Active messages were introduced in [100] and have enjoyed considerable attention [98, , , , ]. Especially on the CM-5, where the network interface can be mapped into the user's address space, active messages have a very small overhead compared to traditional message passing. This translates into very low message latencies. However, there are some characteristics that make active messages unsuitable as a general solution to the problem of fast responding handlers. For example, bandwidth is adversely affected by the necessity to always run a handler. A data transfer method that moves data without invoking a handler will get better bandwidth.
Most active message implementations use polling to achieve the low latencies reported in the literature. Adjusting the polling frequency introduces a tradeoff between fast response time and amount of overhead attributed to unneeded polling. In some cases polling complicates a program and in others it is not appropriate. For example, in a compute intensive application that spends much of its time in libraries such as the BLAS, polling can only occur between calls to the library; hence, handler response time is poor. Interrupt driven implementations of active messages suffer from context switch overhead.

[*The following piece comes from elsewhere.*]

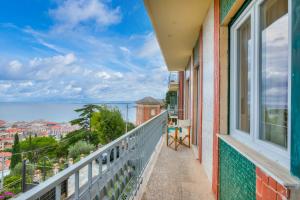 Simply Romantic Sea View - Happy Rentals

Originally, active messages were designed for communication among the nodes of the same application. Sending the actual start address of a function combined with non-existant protection and recovery mechanisms, make active messages unsuitable for use between arbitrary applications, servers, and machines.
A new organization and application programming interface remedies the shortcomings of the original active message design [58], and tries to bring active messages into the mainstream. In principle, the receive part of an active message endpoint as described in [58] resembles a single block Puma portal with an attached handler. The handler is executed when the data has been deposited into the portal. A single block Puma portal consists of a memory descriptor specifying the start address and the length of a memory segment where data is to be stored or retrieved from.
This new model addresses security and flexibility concerns but only offers the traditional choices to handle incoming messages: polling or interrupt driven with the handler in the user's address space.